誰もロシアに全面的かつ一方的に依存するようになりたくありません。しかし、冷戦時代にロシアのガスを輸入したとしても、ロシアが依然としてパートナーであるとは言えないほど、今日の状況が悪化する理由が分かりません。―私が東ドイツにいた頃、とにかくロシアのガスを使っていて、まさに旧連邦共和国が大量のロシアのガスを輸入し始めていましたー。

 

もう一度お尋ねします。私が立っている左側のポロシェンコ大統領と右側の中国代表の前でこれを言うのは容易ではありません。

ロシアを中国に依存させたいのか、それとも天然ガスの輸入を中国に依存させたいのか。それは我々欧州の利益になるのか?いいえ、私もそうは思いません。我々はまた貿易関係に関わりたいと思っています。そのことも我々が率直に話し合うべきことです。

 

欧州ではすでに非常に高いLNG生産能力を誇りますが、― 基本的にLNGターミナルの数が、LNGガスの数をはるかに上回っています― 米国を中心としたガス消費量、LNG生産量の増加が見込まれますが、ドイツにおいてもLNGへの投資を継続することを戦略的に決定しました。

ドイツは、原発はもちろん、亜炭や黒炭も段階的に廃止しているので、天然ガスに関しては、誰が販売しているかに関係なく、非常に安定したマーケットになるでしょう。

 


 

それから我々はイランの問題を抱えており、それは現在論争の原因となっています。我々は、とても気をもむこの分野について、細心の注意を払う必要があります。

クネセト(訳注:イスラエルの立法府)での演説で私は、イスラエルが存在する権利はドイツの基本的な指導原則であるという保証を表明しました。私が述べたことは、まさにその通りです。私は弾道ミサイル計画を観察しています。イエメンでイランを観察しています。そして何よりもシリアでイランを観察しているのです。

この問題に関して、我々、アメリカと欧州人を分断する唯一の問題は次のとおりです。
現在、有効な唯一の合意を破棄することにより、イランの有害で困難な影響を減らすという我々の共通の目標は、我々の共通の目的にかなっているのだろうか?
或いは、他の領域で圧力をかけることができるように、自分たちが持っている小さなアンカーを離さないよう、さらに言い訳していないだろうか?
それは我々の見解が一致しない限定的な問題です。
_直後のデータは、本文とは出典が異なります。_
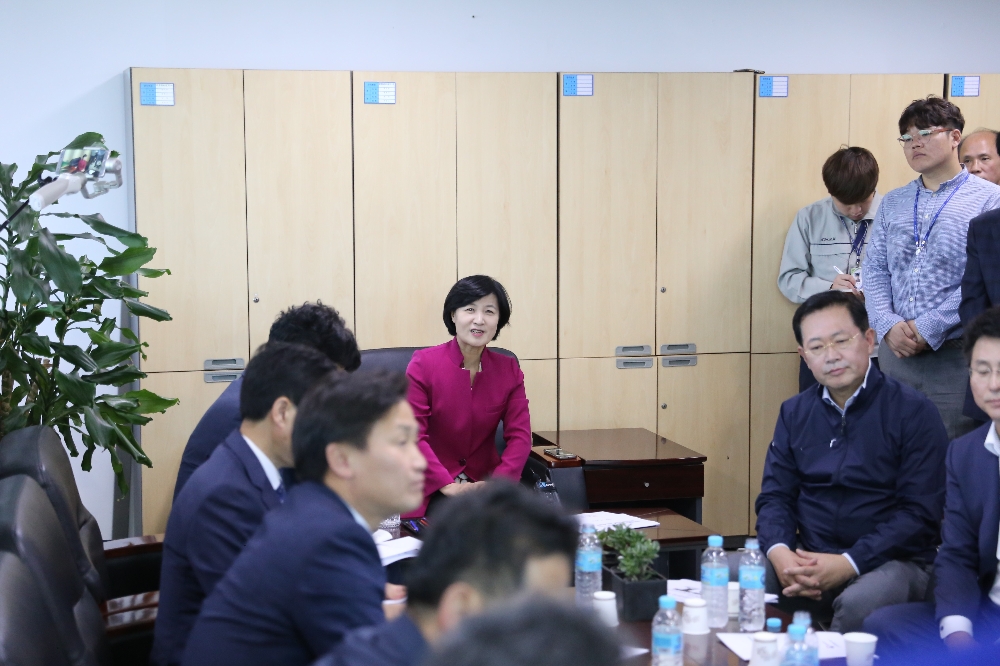 인천항 연안여객선 안전관리 및 운송현황에 대해 보고 받고 있는 추미애 대표. (사진=인천항만공사)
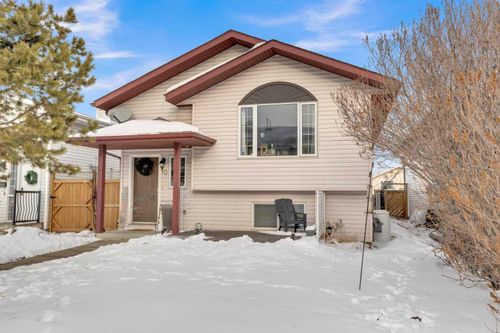 10 Halsall St, Sylvan Lake, AB, T4S1T4 | Card Image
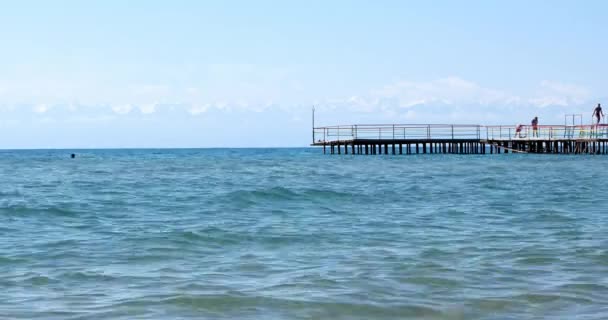 Águas do lago Issyk-Kul — Vídeo de Stock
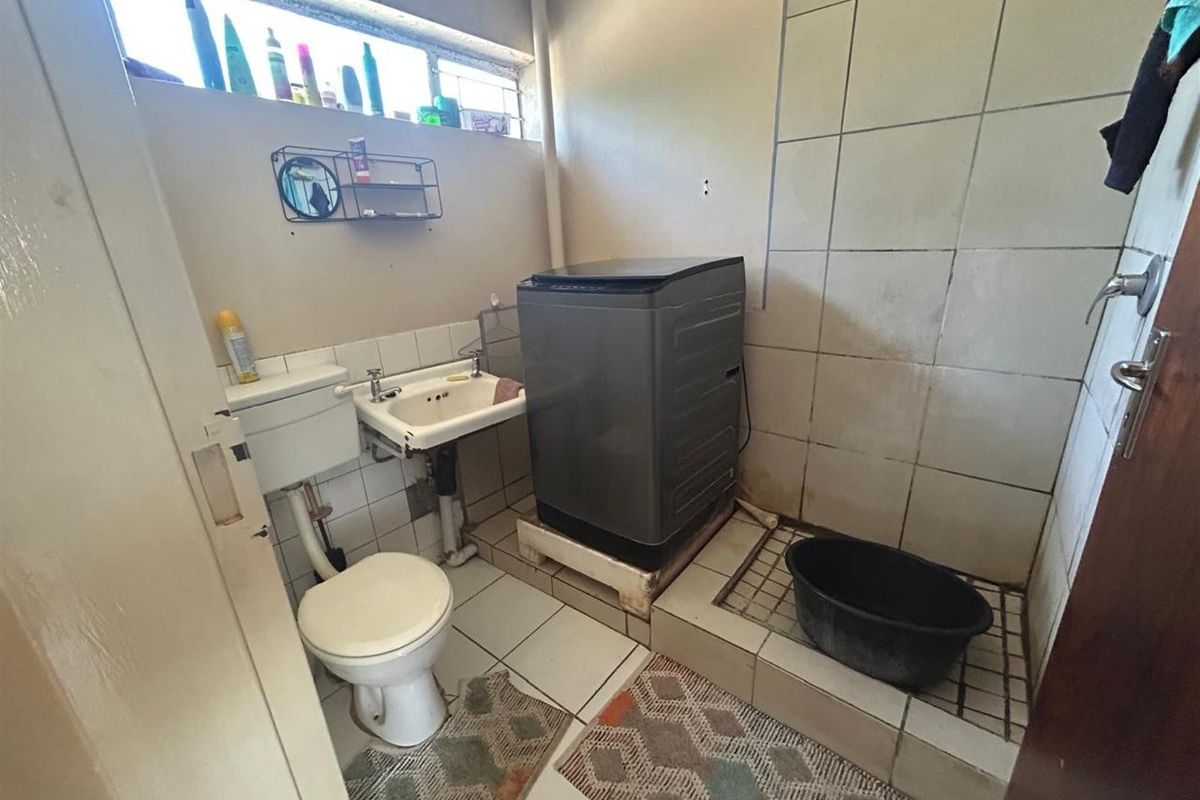 Spacious 2 Bedroom Flat in a Secure Complex - Photo 4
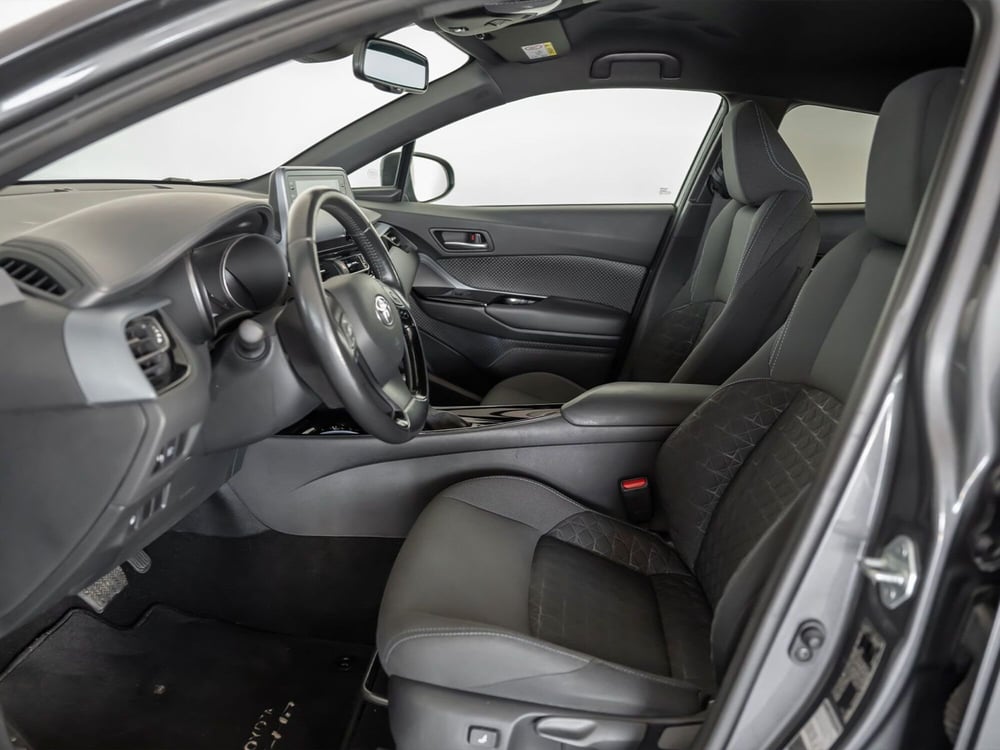 Toyota Toyota C-HR usata a Foggia (12)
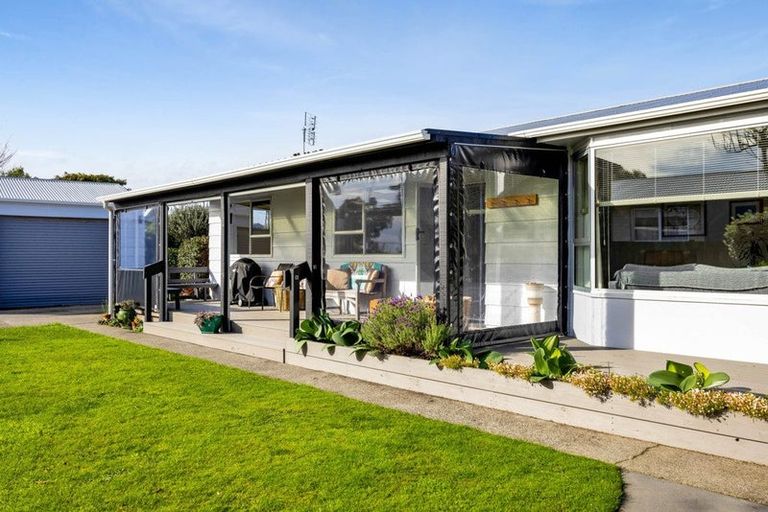 Photo of property in 11 Jade Place, Bell Block, New Plymouth, 4312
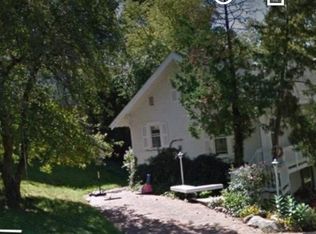 5784 Sunny Crest Dr, West Bloomfield, MI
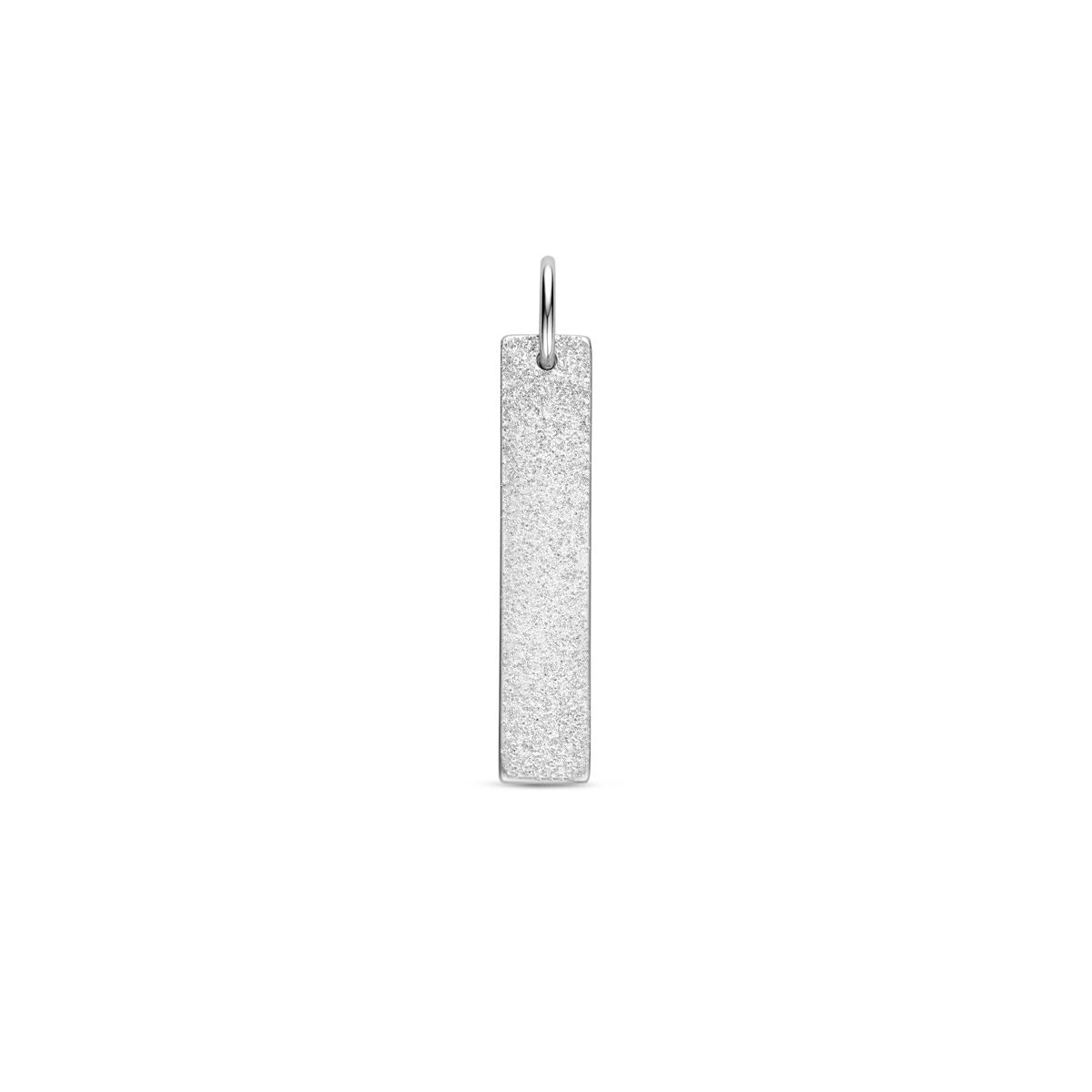 Zilveren graveerhanger van gerhodineerd 925 zilver in slanke rechthoekige vorm met een matte afwerking.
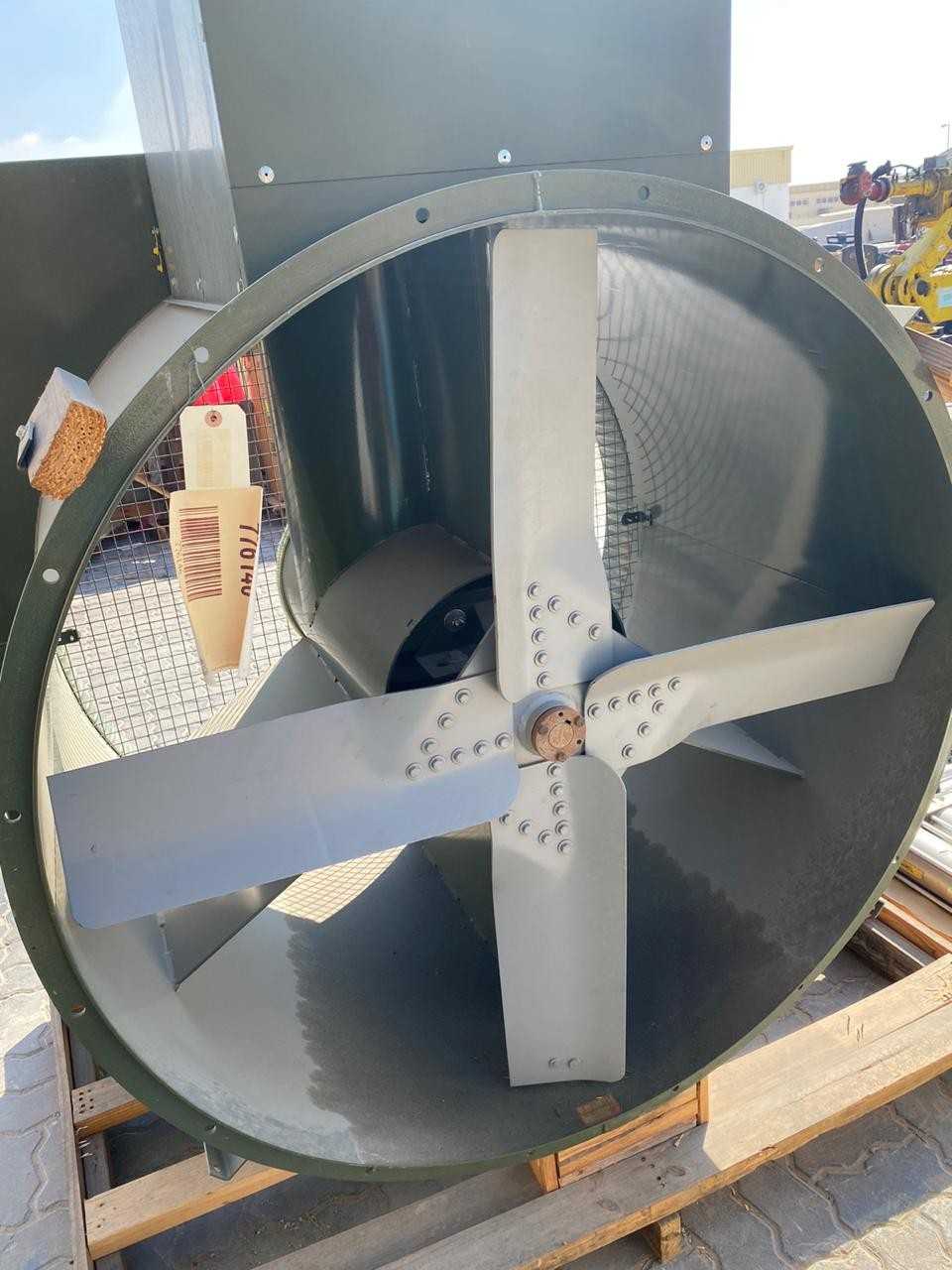 LOT OF 1 EXHAUST FAN - TEMPERATURE CONTROL COMPONENTS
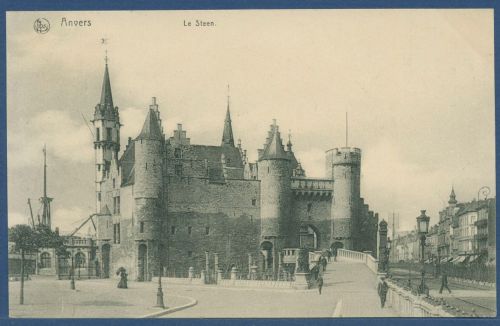 Antwerpen Stadtburg, gelaufen als Feldpost (AK5655)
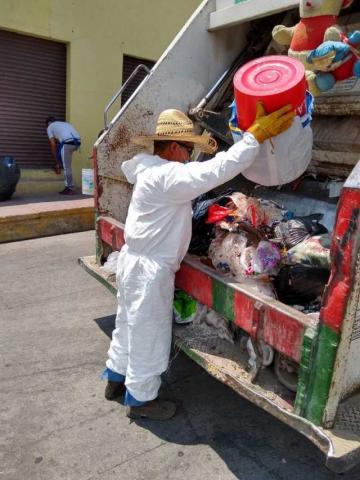 Entrega MACY overoles sanitarios a personal de limpia de Ixtenco imagen 2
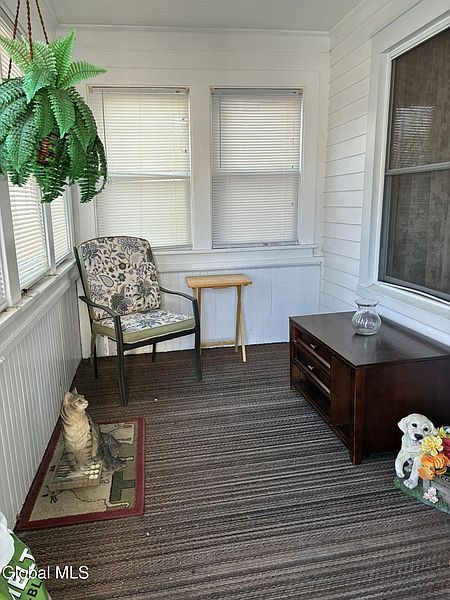 3rd image of 2727 Plunkett Avenue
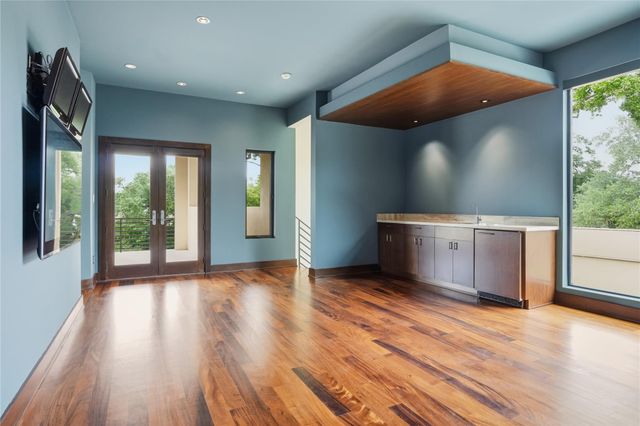 309 Glenwood Drive, Houston, TX 77007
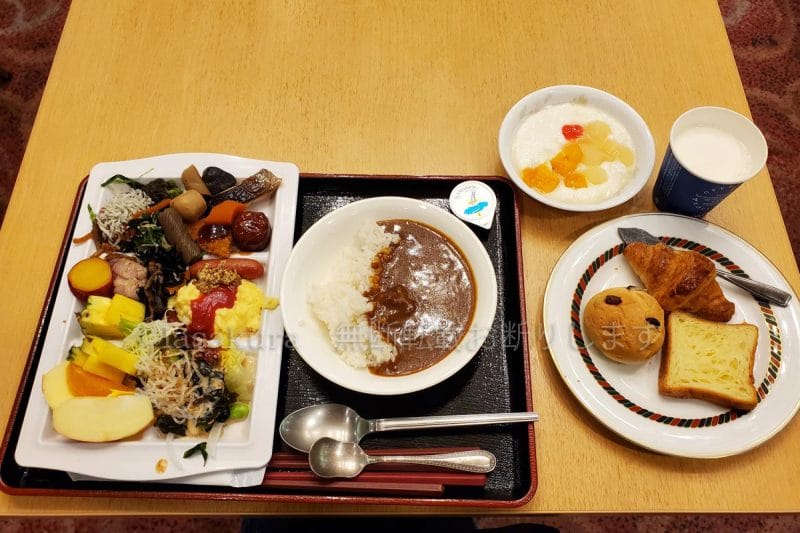 広島パシフィックホテル 朝食ビュッフェ、食べたもの。朝カレーも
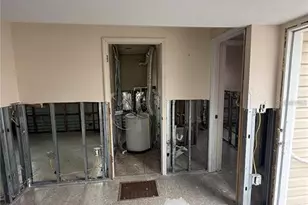 8780 43rd Ave N, Saint Petersburg, FL 33709 - Photo 12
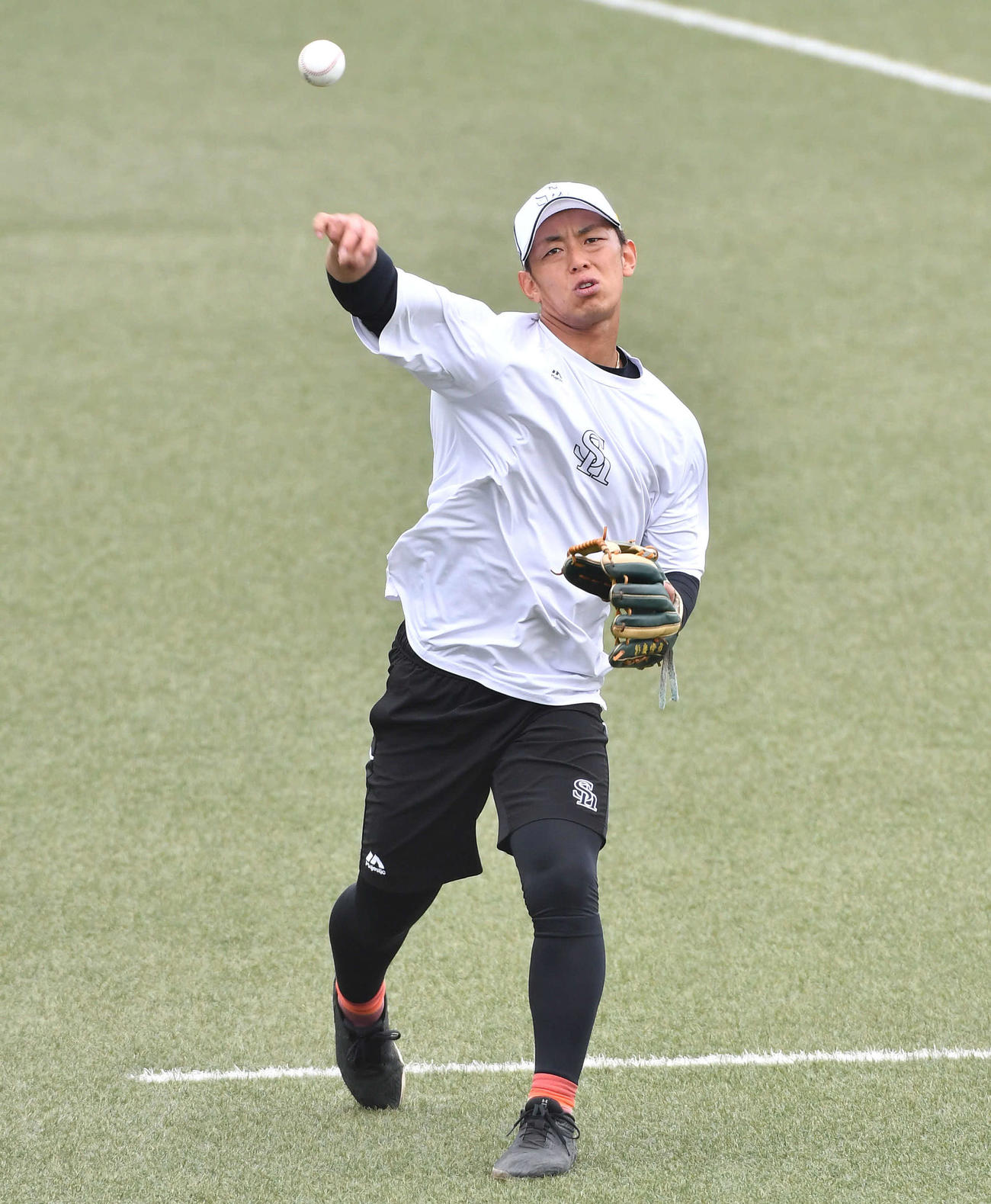 キャッチボールを行うソフトバンク今宮（撮影・岩下翔太）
しかし、我々の目標はもちろん同じです。

 

しかし、私はこうも言います。私自身も毎日批判の矢面に立たされていますが、米国がシリアから迅速に撤退したいと考えるのは良いことなのだろうか?あるいは、またそれは、イランとロシアが影響力を得る機会を強化するやり方ではないのか? 我々もそれについて話し合う必要があります。それらは、我々が討論しなければならない問題です。

 


 

当然のことながら、中国、米国、欧州の間で経済関係がどのように発展させるかという問題もあります。それは大きな問題ですね。

我々は中国が有望な国だと見ています。私が中国を訪問したとき、中国の代表者はこう言いました。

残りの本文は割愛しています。